In Experiment 1, 39 human subjects were recruited online through the Amazon Mechanical Turk platform. Since we had no prior information about expected effect sizes, we based our sample size on similar studies conducted in the field of confidence and metacognition. Subjects were paid $3 plus up to$2 bonus according to their performance for a ~ 30 min experiment. They provided informed consent according to procedures approved by the UCL Research Ethics Committee (Project ID: 1260/003). The challenging nature of the perceptual stimuli, which appeared only briefly, ensured that it was impossible for subjects to perform above chance level if they were not paying careful and sustained attention during the experiment. To further ensure data quality, standard exclusion criteria were applied. Ten participants were excluded for responding at chance level and/or always selecting the same rating, leaving N = 29 participants (17 f/12 m, aged 22–31 and not color-blind according to self-reports) for data analysis.

In Experiment 2, 31 subjects were recruited using the same protocol as in Experiment 1. Identical exclusion criteria were applied leading to the exclusion of two subjects, leaving N = 29 subjects for analysis (9 f/20 m, aged 19–35).

In Experiment 3, to examine between-subjects relationships between the formation of self-performance estimates (SPEs) and metacognitive ability, 73 subjects were originally recruited online. After application of identical exclusion criteria to those used in Experiments 1 and 2, we additionally excluded subjects who failed comprehension questions about usage of the confidence scale (subjects passed if they rated “perfect” performance at least 10% greater than “chance” performance), leaving N = 46 subjects for analysis (16 f/30 m, aged 20–50).

Overall, our exclusion rates are consistent with recent online studies from our lab28 and a recent meta-analysis of online studies reporting typical exclusion rates of between 3 and 37%52. As Experiment 3 was slightly longer, subjects’ baseline pay was increased to $3.50 plus up to$2 bonus according to their performance. Subjects who participated in Experiment 1 were not permitted to take part in Experiments 2 and 3, and subjects who participated in Experiment 2 were not permitted to take part in Experiment 3.

Experiment 1

Subjects performed short learning blocks, which randomly interleaved two “tasks” identified by two arbitrary color cues (Fig. 1). Subjects were incentivised to learn about their own performance on each of the two tasks over the course of a learning block. Each block had 24 trials (12 trials from each task, presented in pseudo-random order). Each task required a perceptual judgment as to which of two boxes contained more dots (Fig. 1c). The difficulty level of the judgment was controlled by the difference in dot number between boxes. Any given task (as indicated by the color cue) was either easy or difficult and provided either veridical feedback or no feedback (Fig. 1b). These four task features provided six possible pairings of tasks in the learning blocks (Fig. 1a). Each possible pairing was repeated twice, and their order of presentation was randomized within participant.

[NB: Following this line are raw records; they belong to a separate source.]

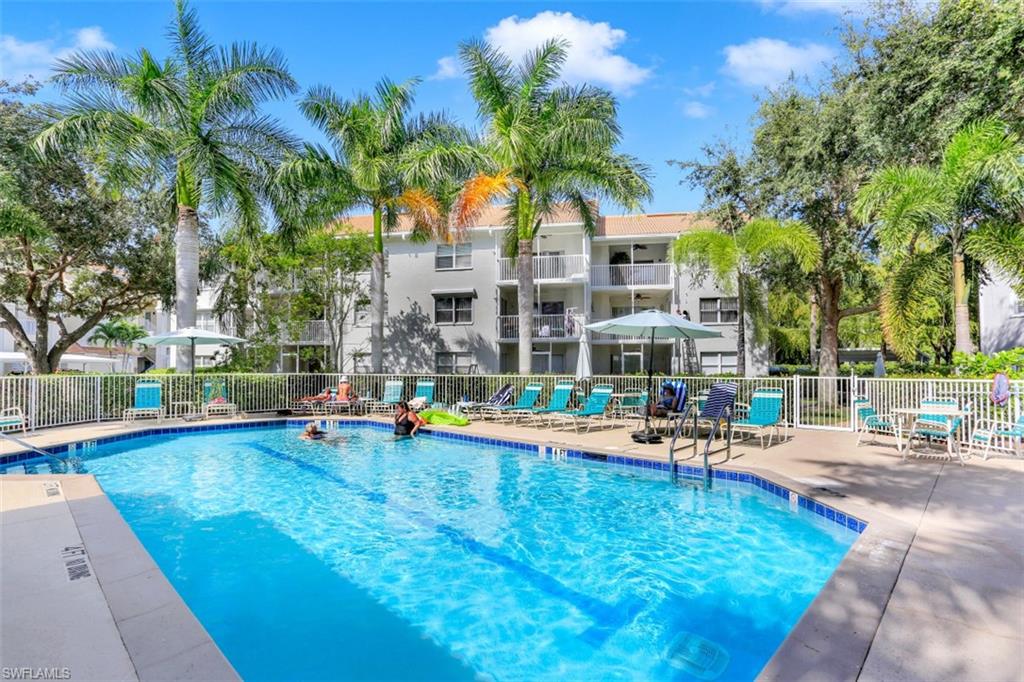 480 Bermuda Cove Way, Unit 1205 Naples, FL 34110 - Photo 27 of 33 a front view of a house with swimming pool and sitting area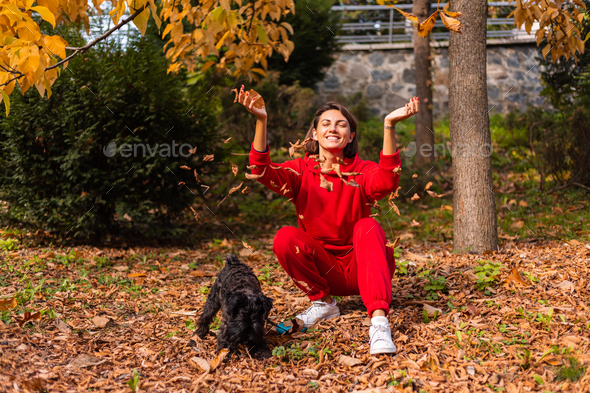 Early morning. Happy woman sleepy eyes with dog in park, autumn orange yellow colors.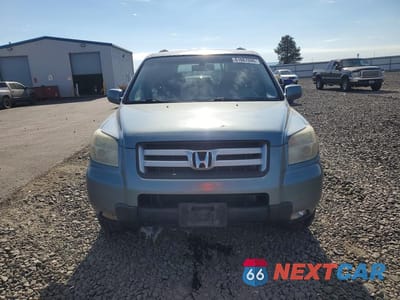 Piąte zdjęcie samochodu w środku: 2006 HONDA PILOT EX VIN:2HKYF18536H547640 - miniatura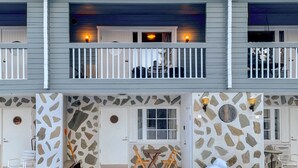 A two-story building with a balcony, stone wall accents, and a door with a round window.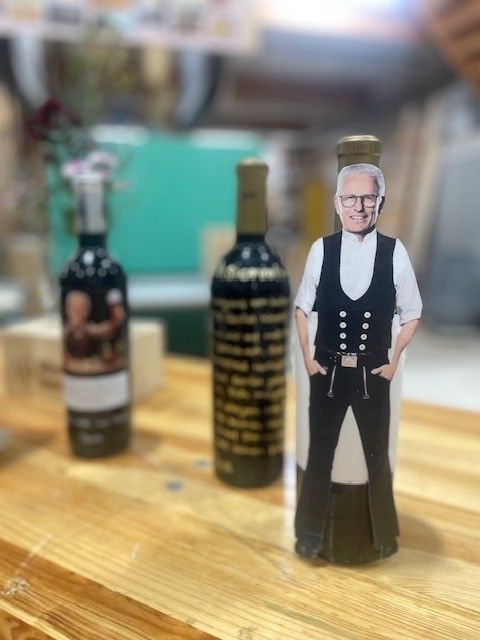 Ausgeschnittene Figur eines älteren Mannes neben zwei dunklen Flaschen auf einem Holztisch, im Hintergrund unscharf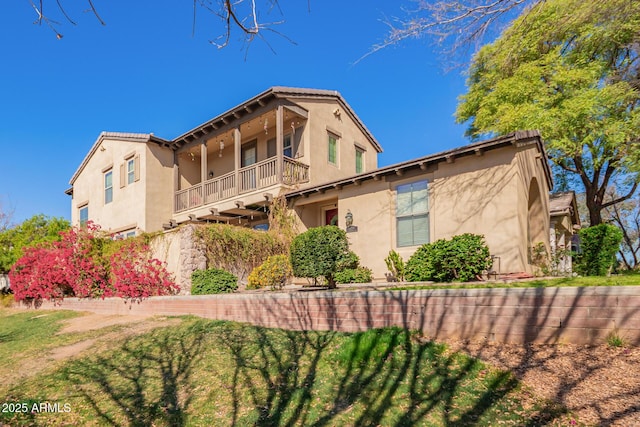 view of home's exterior with stucco siding, a balcony, and a yard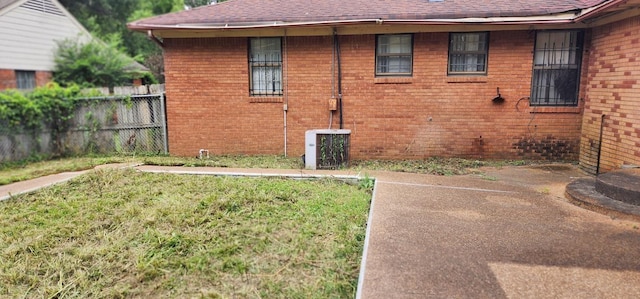 view of side of home featuring roof with shingles, a yard, brick siding, central AC, and fence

At the end of each learning block, subjects were asked to choose the task for which they thought they performed better (Fig. 1a). Specifically, they were asked to report which task they would like to perform in a short subsequent “test block” in order to gain a reward bonus. Therefore, subjects were incentivised to choose the task they thought they were better at (even if that task did not provide external feedback). This procedure aimed at revealing global self-performance estimates (SPEs), as subjects should choose the task they expect to be more successful at in the test block in order to gain maximum reward. To indicate their task choice, subjects responded with two response keys that differed from those assigned to perceptual decisions to avoid any carry-over effects. The subsequent test block contained six trials from the chosen task (not illustrated in Fig. 1). No feedback was provided during test blocks.

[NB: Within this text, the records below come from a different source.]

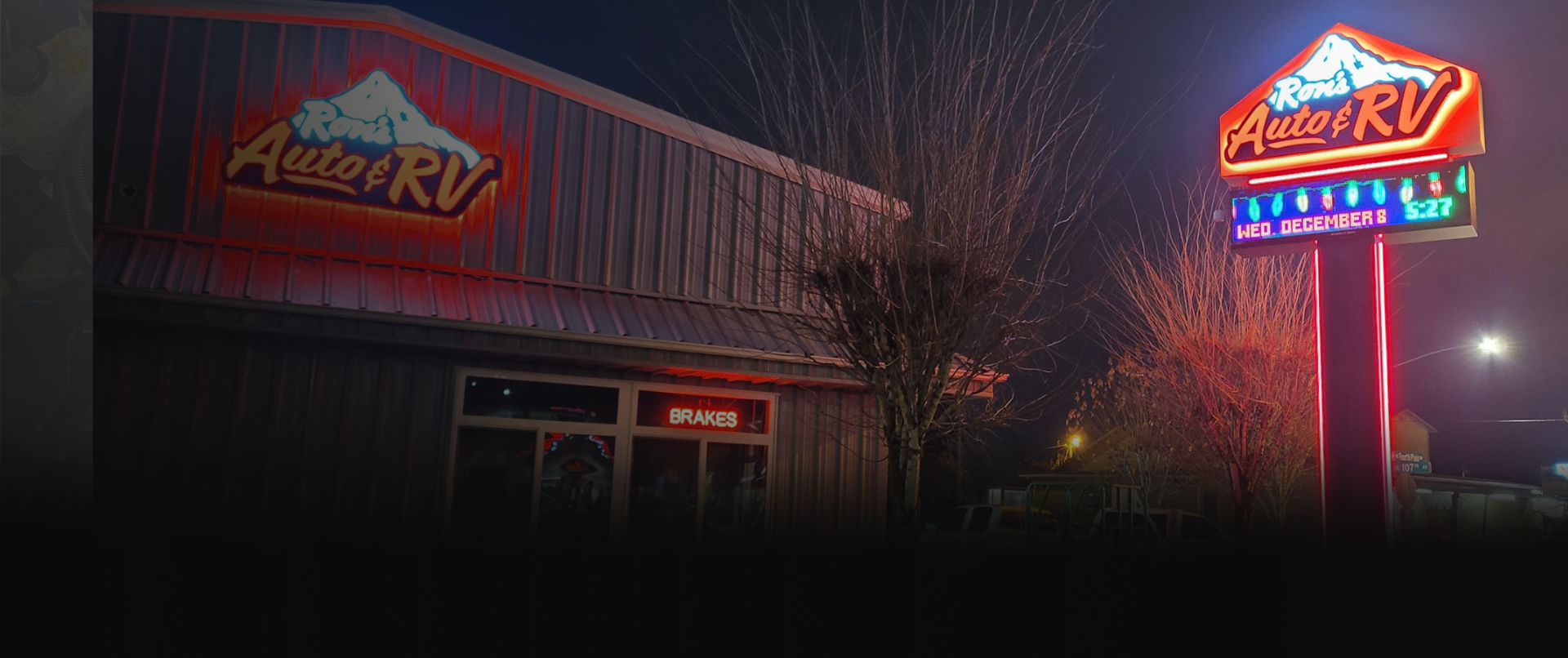 Neon-lit roadside diner at night with a glowing sign and a building reflected in the windows | Ron's Auto & RV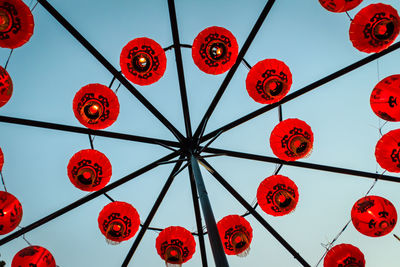 Low angle view of lantern against sky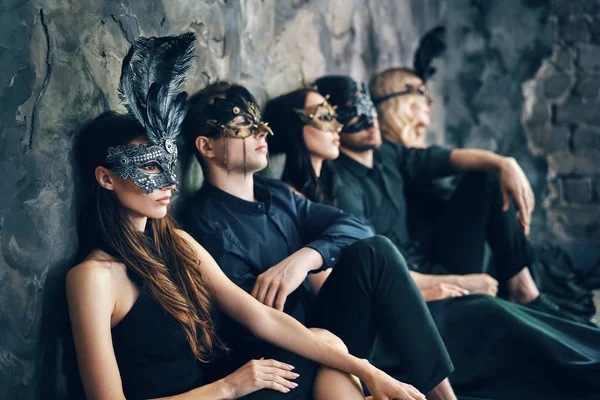 Group of friends in masquerade carnival masks sitting on floor relaxing after party. Women and men wearing venetian masks. Fashion, friends concept.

After the test block, subjects were asked to rate their overall performance on each of the two tasks on a rating scale ranging from 50% (“chance level”) to 100% (“perfect”) to obtain explicit, parametric reports of SPEs (Fig. 1a). Ratings were made with the mouse cursor and could be given anywhere on the continuous scale. Intermediate ticks for percentages 60, 70, 80, and 90% correct were indicated on the scale, but without verbal labels. Perceptual choices, task choices, and ratings were all unspeeded. After each learning block, subjects were offered a break and could resume at any time, with the next learning block featuring two new tasks cued by two new colors.

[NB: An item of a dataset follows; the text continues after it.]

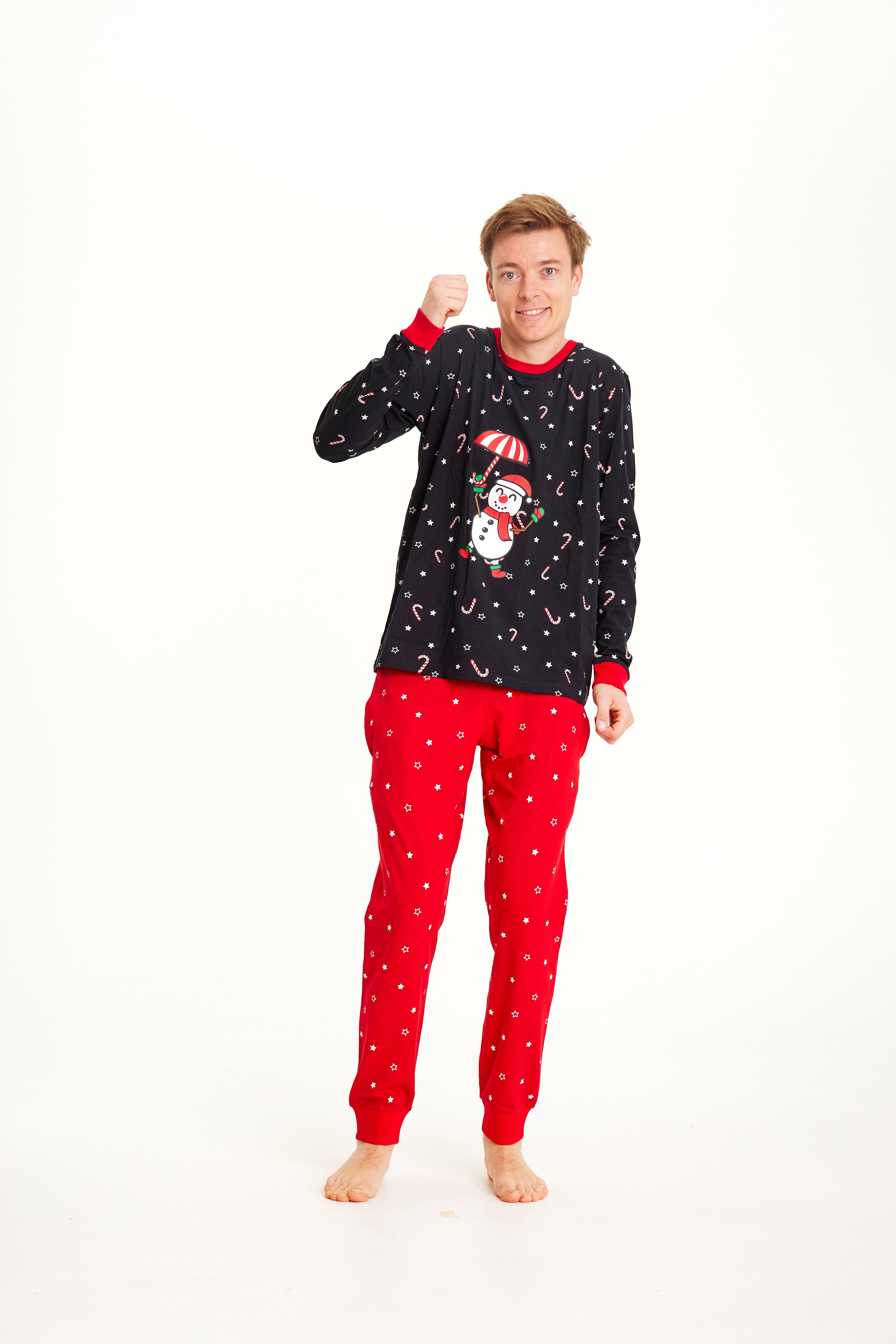 En mann i svart og rød julepyjamas med snømann på.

Subjects’ remuneration consisted of a base payment plus a monetary bonus proportional to their performance during test blocks (see Participants). Subjects were also encouraged to give accurate task ratings (although their actual remuneration did not depend on this feature): “Your bonus winnings will depend both on your performance during the bonus [i.e., test block] trials and on the accuracy of your ratings”. As data were collected online, instructions were as self-explanatory and progressive as possible, including practice trials with longer stimulus presentation times on one task (one color cue) at a time.

Each learning block featured two tasks, with each trial starting with a central color cue presented for 1200 ms, indicating which of the two tasks will be performed in the current trial (Fig. 1c). The stimuli were black boxes filled with white dots randomly positioned and presented for 300 ms, during which time subjects were unable to respond. We used two difficulty levels characterized by a constant dot difference, but the spatial configuration of the dots inside a box varied from trial to trial. One box was always half-filled (313 dots out of 625 positions), whereas the other contained 313 + 24 dots (difficult conditions) or 313 + 58 dots (easy conditions). Those levels were chosen on the basis of previous online studies in order to target performance levels of around 70 and 85% correct, respectively28.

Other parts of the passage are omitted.